Problem: Which of the lines below hold the word "White"? Pull each of them out.

Records for the exercise:
==*==
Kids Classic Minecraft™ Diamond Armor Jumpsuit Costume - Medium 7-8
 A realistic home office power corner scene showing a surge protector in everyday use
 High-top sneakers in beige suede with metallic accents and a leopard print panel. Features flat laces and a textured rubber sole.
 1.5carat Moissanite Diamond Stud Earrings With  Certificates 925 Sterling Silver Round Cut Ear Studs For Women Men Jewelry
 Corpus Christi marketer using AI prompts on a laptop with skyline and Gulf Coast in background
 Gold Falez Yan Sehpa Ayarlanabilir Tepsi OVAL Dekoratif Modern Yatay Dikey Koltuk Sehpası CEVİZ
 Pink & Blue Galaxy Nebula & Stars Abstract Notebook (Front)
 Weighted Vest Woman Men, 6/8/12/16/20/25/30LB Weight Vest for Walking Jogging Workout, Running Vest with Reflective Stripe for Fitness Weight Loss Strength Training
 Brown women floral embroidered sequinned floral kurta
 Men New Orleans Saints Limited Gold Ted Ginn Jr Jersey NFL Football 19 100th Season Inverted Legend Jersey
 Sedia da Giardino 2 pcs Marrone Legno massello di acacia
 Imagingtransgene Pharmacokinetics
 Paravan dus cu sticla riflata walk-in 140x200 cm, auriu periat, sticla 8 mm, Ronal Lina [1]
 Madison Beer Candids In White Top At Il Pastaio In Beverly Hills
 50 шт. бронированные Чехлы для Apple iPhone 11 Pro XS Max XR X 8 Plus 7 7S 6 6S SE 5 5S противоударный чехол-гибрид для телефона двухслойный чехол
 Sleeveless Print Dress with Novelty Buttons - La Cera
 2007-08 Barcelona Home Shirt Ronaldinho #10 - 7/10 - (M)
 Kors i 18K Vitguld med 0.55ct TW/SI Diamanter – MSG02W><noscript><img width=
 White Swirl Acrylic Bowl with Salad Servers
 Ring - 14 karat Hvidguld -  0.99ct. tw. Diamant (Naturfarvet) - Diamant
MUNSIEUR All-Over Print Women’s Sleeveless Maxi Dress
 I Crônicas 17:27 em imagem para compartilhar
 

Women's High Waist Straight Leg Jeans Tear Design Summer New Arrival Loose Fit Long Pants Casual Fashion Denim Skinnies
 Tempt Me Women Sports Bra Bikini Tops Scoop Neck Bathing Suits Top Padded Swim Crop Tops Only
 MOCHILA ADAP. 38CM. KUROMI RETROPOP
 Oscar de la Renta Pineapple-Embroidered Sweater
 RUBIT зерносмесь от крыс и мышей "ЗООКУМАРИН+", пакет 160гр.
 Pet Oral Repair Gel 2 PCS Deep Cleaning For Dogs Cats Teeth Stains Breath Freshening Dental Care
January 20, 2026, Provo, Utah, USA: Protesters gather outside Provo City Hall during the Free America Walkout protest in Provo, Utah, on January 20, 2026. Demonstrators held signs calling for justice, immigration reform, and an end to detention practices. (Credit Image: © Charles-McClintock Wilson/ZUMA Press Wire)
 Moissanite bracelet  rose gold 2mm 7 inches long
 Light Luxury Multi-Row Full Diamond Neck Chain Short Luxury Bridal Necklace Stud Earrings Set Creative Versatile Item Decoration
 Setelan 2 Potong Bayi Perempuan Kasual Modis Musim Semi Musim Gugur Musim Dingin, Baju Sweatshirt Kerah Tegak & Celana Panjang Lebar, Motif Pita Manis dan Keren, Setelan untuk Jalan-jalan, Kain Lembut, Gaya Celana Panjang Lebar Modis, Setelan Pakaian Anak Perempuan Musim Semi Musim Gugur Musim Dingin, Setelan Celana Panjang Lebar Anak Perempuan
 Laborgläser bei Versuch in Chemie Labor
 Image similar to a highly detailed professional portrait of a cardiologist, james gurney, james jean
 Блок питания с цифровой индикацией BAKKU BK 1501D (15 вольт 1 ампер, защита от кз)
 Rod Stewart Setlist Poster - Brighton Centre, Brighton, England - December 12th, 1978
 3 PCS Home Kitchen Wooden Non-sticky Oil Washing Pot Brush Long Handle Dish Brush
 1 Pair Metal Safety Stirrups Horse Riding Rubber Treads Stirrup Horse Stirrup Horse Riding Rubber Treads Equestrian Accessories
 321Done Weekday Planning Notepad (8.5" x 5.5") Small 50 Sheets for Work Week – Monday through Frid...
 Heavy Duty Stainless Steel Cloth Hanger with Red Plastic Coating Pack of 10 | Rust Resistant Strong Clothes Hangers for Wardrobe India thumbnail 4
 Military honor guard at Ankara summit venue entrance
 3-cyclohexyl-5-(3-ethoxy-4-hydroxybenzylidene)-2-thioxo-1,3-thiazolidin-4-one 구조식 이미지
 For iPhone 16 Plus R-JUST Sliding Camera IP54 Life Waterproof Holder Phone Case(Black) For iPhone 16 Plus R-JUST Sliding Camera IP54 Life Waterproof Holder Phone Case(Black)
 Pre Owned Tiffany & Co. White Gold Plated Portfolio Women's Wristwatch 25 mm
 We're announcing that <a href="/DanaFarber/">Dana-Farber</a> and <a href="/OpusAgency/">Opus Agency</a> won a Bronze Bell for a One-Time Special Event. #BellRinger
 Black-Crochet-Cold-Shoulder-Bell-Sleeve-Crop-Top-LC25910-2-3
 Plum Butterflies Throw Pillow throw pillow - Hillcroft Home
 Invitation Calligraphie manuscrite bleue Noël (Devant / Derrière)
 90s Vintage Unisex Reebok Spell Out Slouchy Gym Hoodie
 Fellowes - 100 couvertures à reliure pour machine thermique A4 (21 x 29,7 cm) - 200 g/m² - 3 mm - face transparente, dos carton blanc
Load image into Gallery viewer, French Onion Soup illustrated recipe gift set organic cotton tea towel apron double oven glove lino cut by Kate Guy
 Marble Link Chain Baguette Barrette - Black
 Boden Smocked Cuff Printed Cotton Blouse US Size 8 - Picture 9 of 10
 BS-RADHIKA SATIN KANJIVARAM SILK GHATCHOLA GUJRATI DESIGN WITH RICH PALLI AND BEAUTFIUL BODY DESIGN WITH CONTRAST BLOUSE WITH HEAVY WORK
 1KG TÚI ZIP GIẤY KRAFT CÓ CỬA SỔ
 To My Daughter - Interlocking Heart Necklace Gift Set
==*==
Output of the exercise:
 Madison Beer Candids In White Top At Il Pastaio In Beverly Hills
 White Swirl Acrylic Bowl with Salad Servers
 Pre Owned Tiffany & Co. White Gold Plated Portfolio Women's Wristwatch 25 mm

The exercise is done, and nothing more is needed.